* Input data:

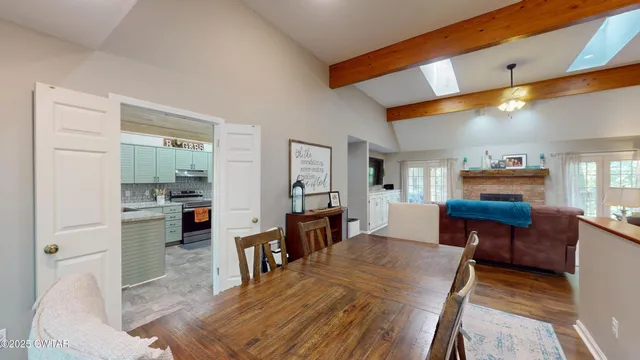 a living room with furniture a dining table and chairs with wooden floor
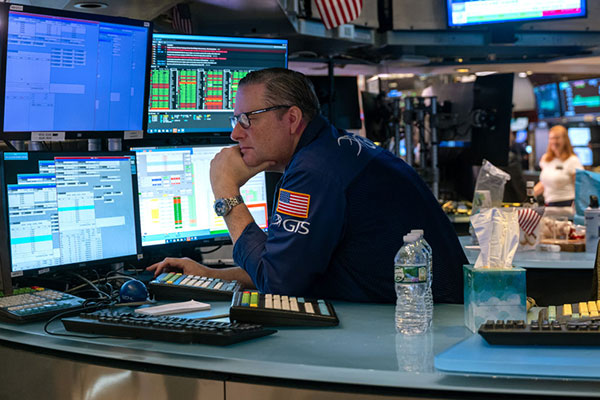 Trader on the floor of the New York Stock Exchange, July 2024, Getty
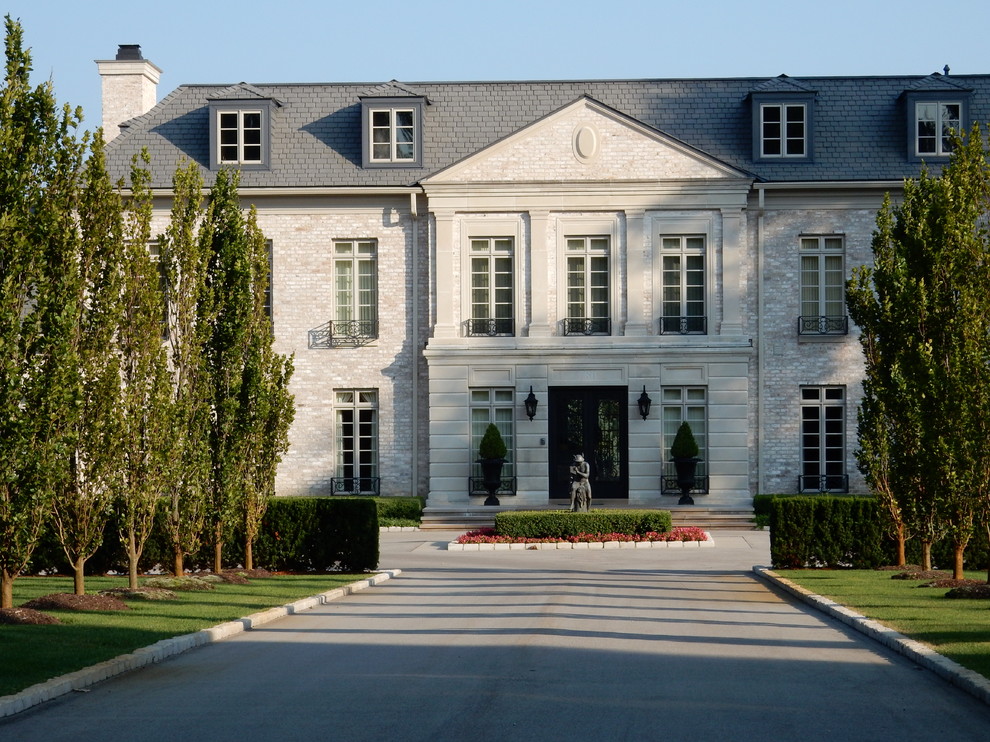 Immagine della facciata di una casa ampia bianca classica a tre piani con rivestimento in pietra e falda a timpano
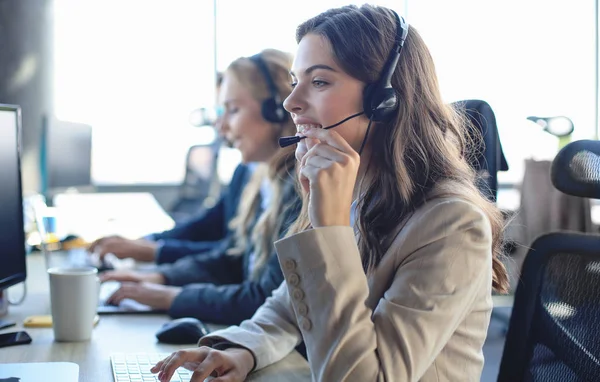 Operator dukungan pelanggan perempuan dengan headset dan tersenyum, dengan kolega di latar belakang. — Stok Foto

* What you will do:
The reply should repeat the listing above exactly and contain no pictures.

* Output for this task:
 a living room with furniture a dining table and chairs with wooden floor
 Trader on the floor of the New York Stock Exchange, July 2024, Getty
 Immagine della facciata di una casa ampia bianca classica a tre piani con rivestimento in pietra e falda a timpano
 Operator dukungan pelanggan perempuan dengan headset dan tersenyum, dengan kolega di latar belakang. — Stok Foto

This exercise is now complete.